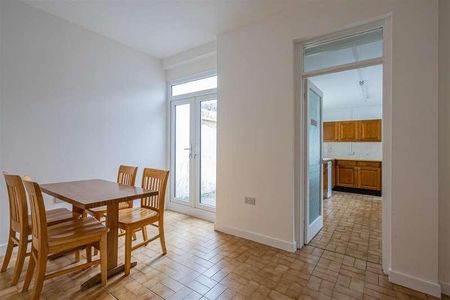 Promenade Terrace, Mumbles, Swansea, SA3 - Photo 2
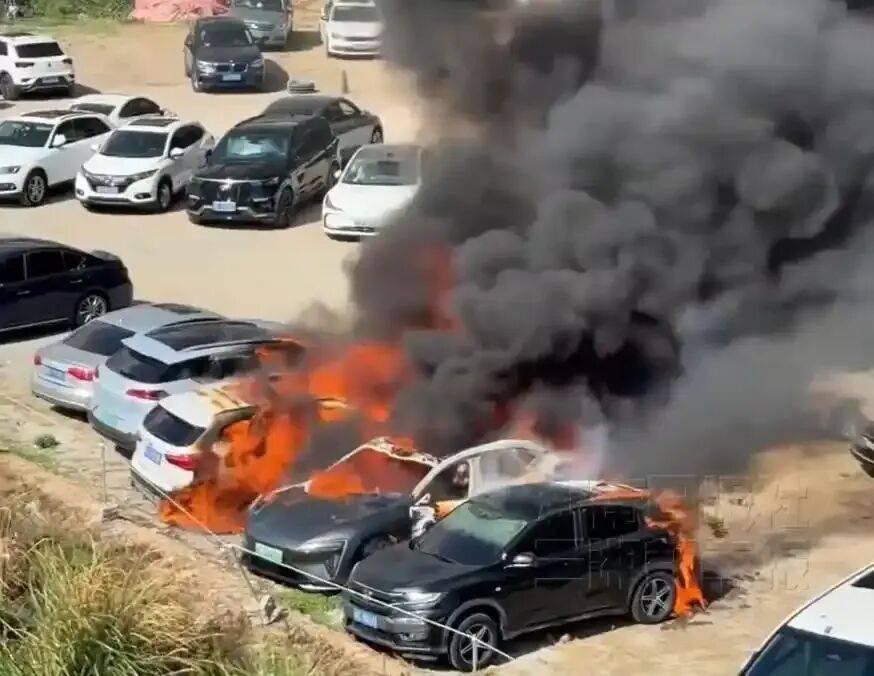 一电车起火致8车烧毁<strong></p>
<p>鲁信创投股票</strong>,阿维塔发情况说明:排除动力电池、驱动电机、高压电控故障等导致起火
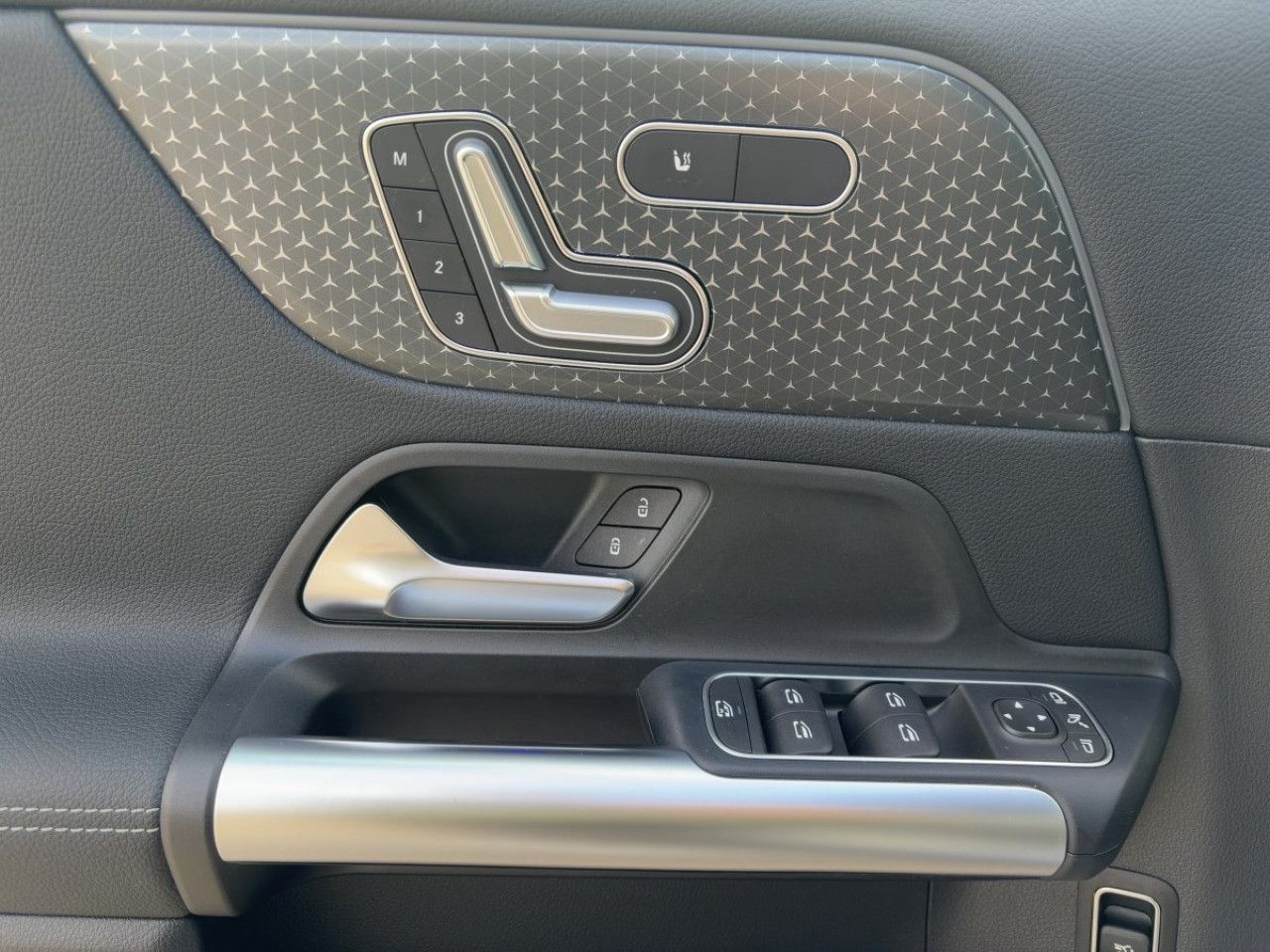 Fahrzeugbild 13 / 24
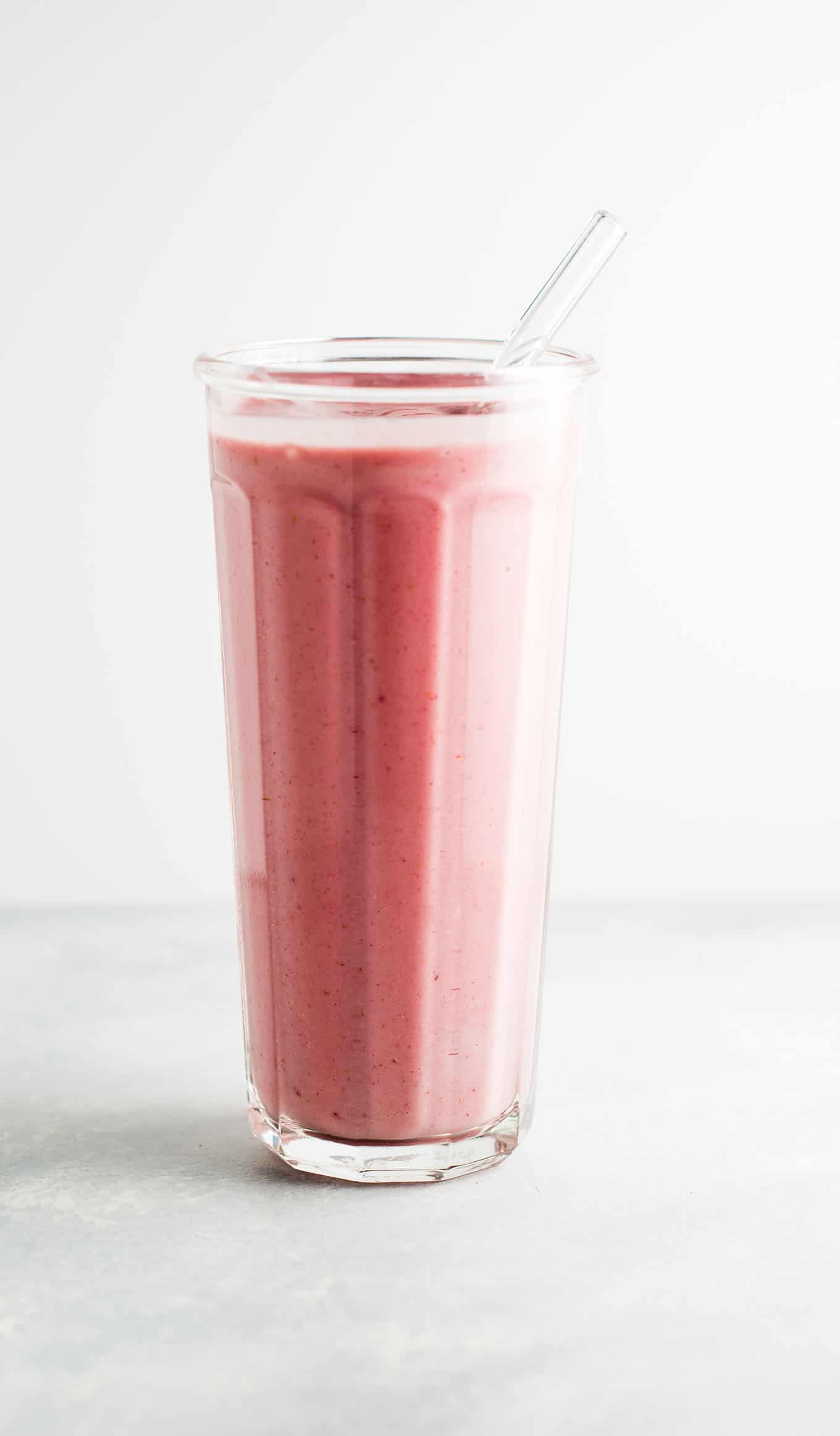 strawberry banana yogurt smoothie in a glass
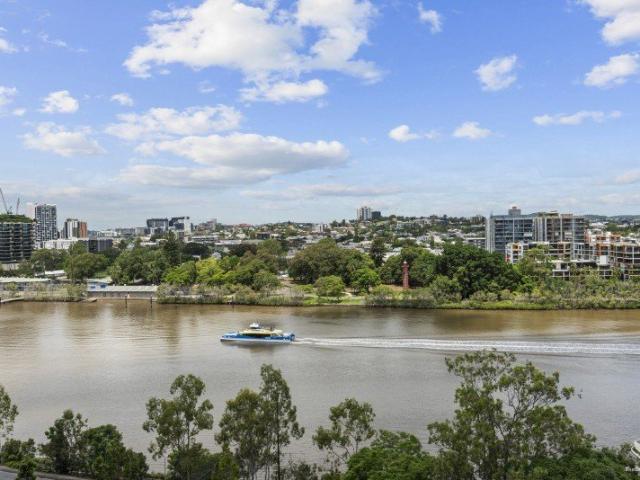 River front spacious two bedroom apartment in a well presented complex with great facilities!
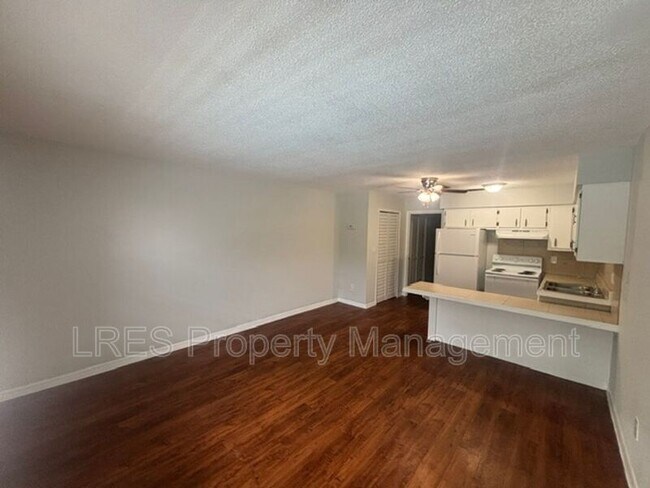 Building Photo - 1031 Columbia Ave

◆ ◆ ◆ ◆

__Task to carry out__
Go to the line with "strawberry banana yogurt smoothie in a glass" in the entries above. Reproduce that line and each one after it to the end, exactly and without the pictures.

__Finished exercise__
 strawberry banana yogurt smoothie in a glass
 River front spacious two bedroom apartment in a well presented complex with great facilities!
 Building Photo - 1031 Columbia Ave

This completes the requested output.